Task objective: Output the line containing "VEDDINGE, εμπρός όψη" and each line after it through the end of the data, exactly as written, with pictures left out.

Caption-style text data
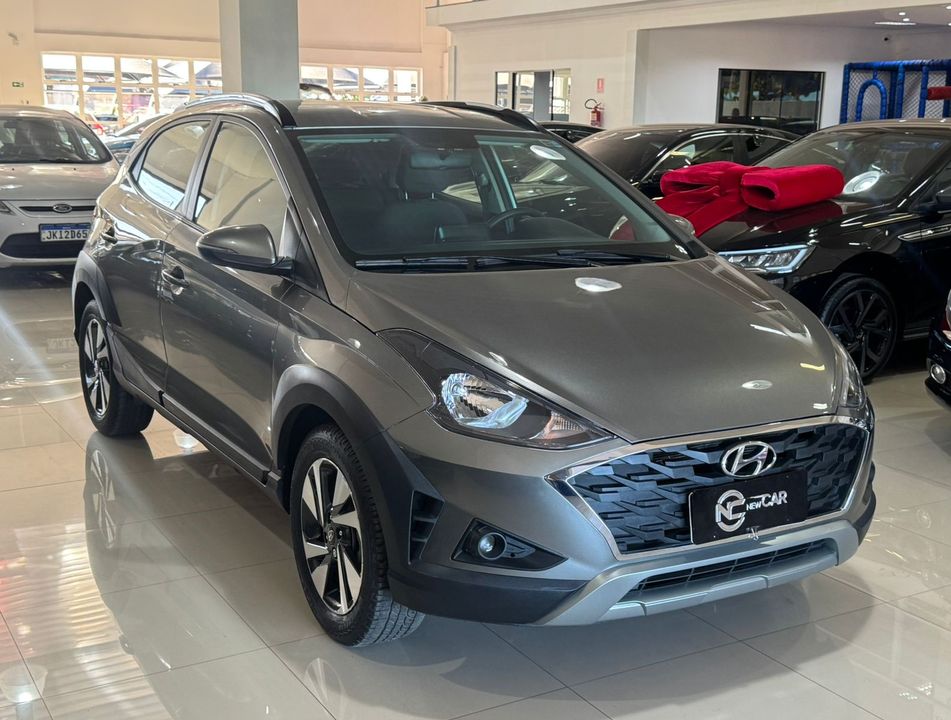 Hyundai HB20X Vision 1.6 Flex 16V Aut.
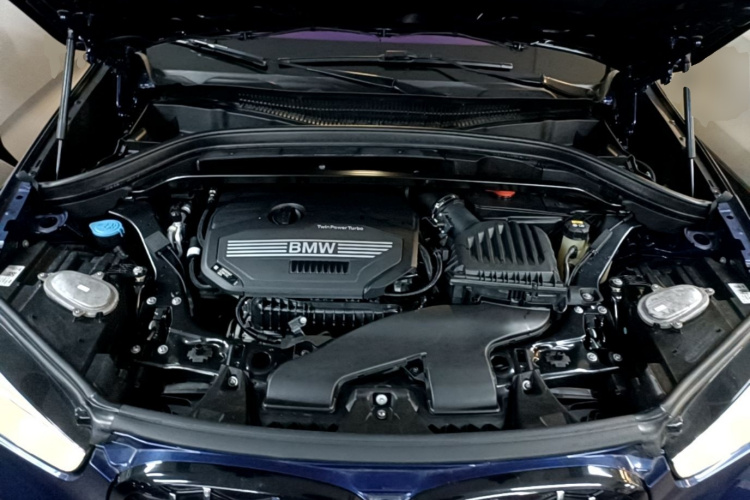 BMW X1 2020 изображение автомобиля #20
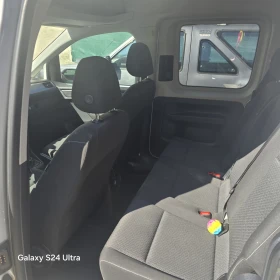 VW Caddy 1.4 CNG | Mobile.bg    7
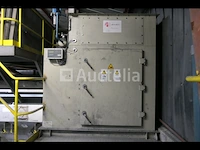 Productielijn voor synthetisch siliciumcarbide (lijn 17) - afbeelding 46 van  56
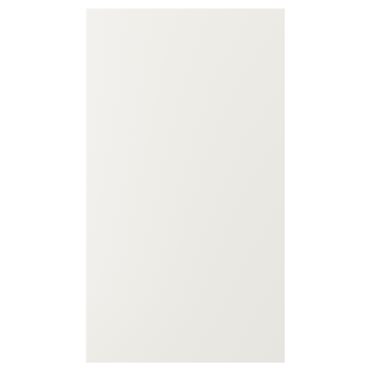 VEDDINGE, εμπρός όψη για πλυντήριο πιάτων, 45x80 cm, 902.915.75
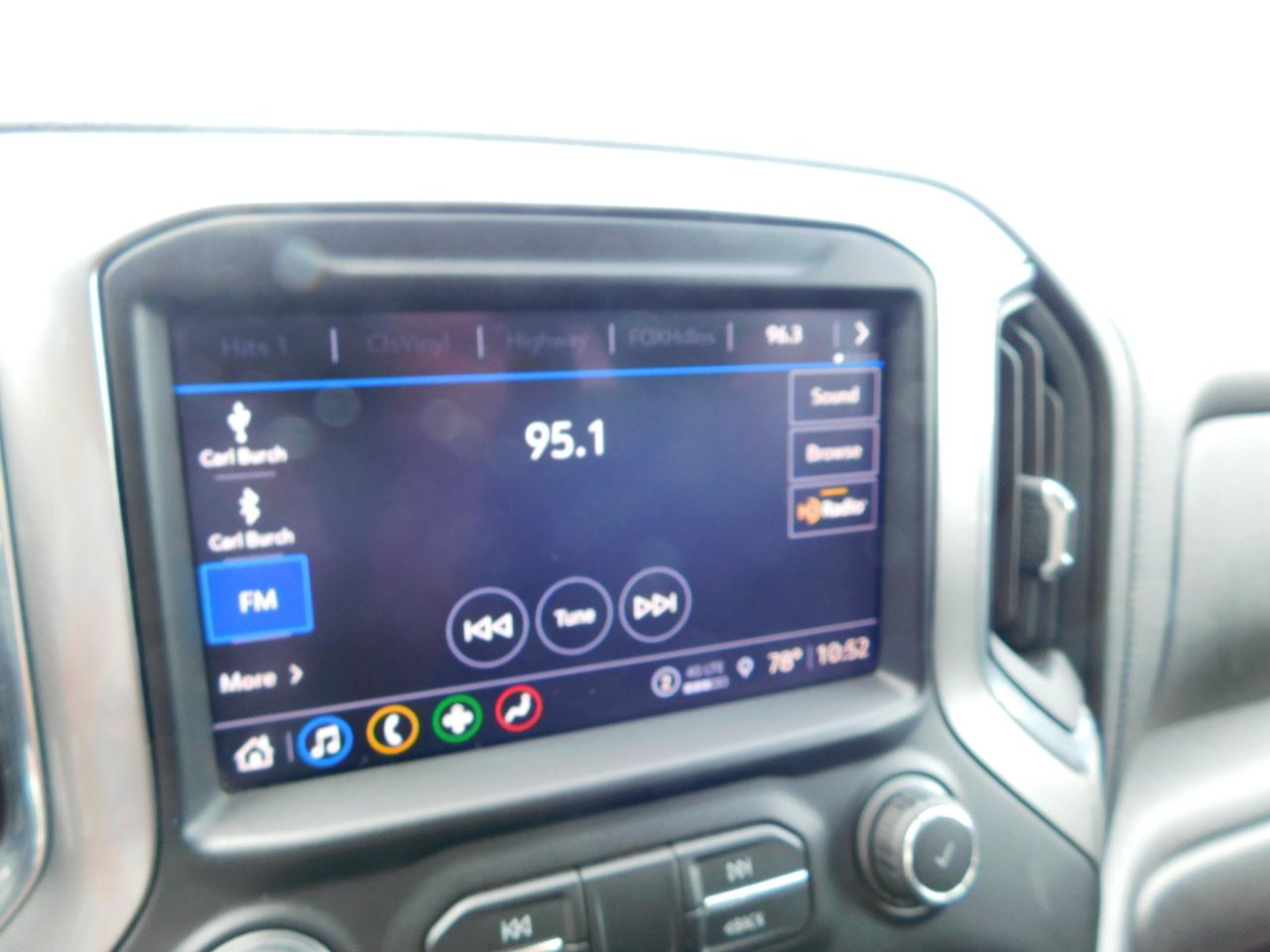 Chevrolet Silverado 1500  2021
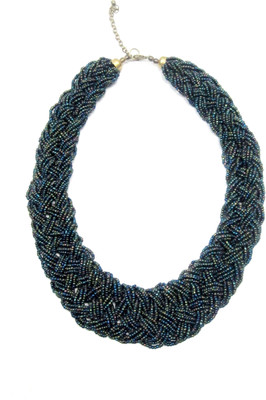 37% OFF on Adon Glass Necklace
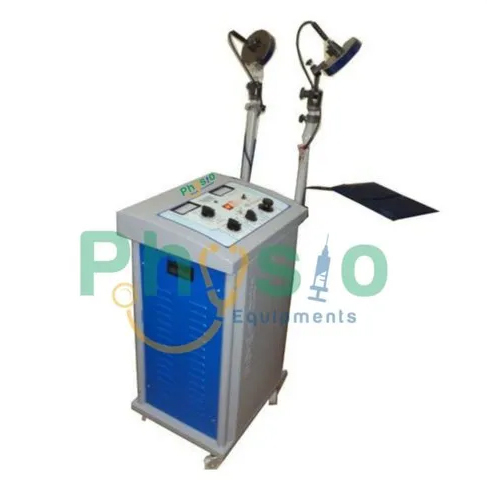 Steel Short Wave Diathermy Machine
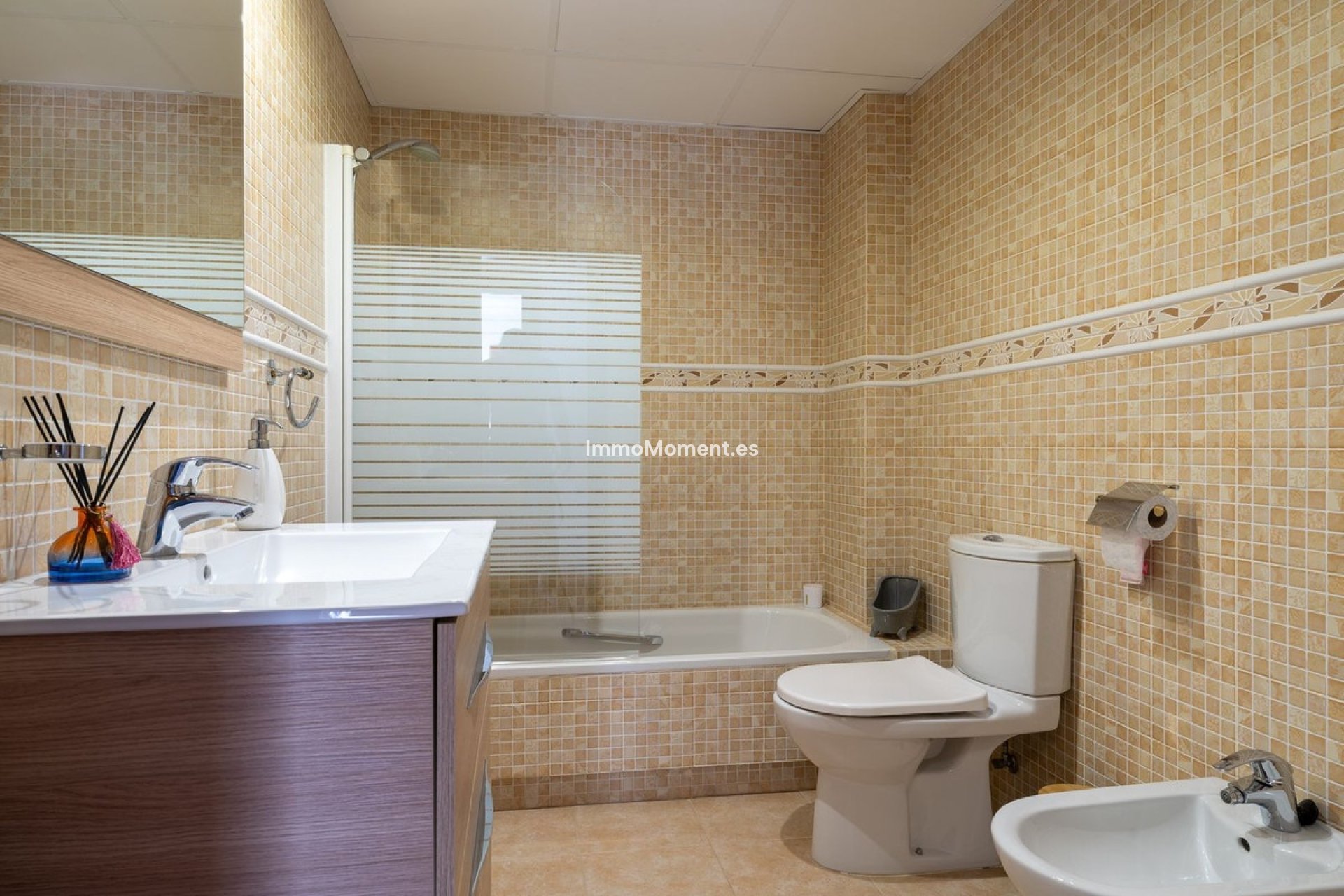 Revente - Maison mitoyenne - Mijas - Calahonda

Final answer:
 VEDDINGE, εμπρός όψη για πλυντήριο πιάτων, 45x80 cm, 902.915.75
 Chevrolet Silverado 1500  2021
 37% OFF on Adon Glass Necklace
 Steel Short Wave Diathermy Machine
 Revente - Maison mitoyenne - Mijas - Calahonda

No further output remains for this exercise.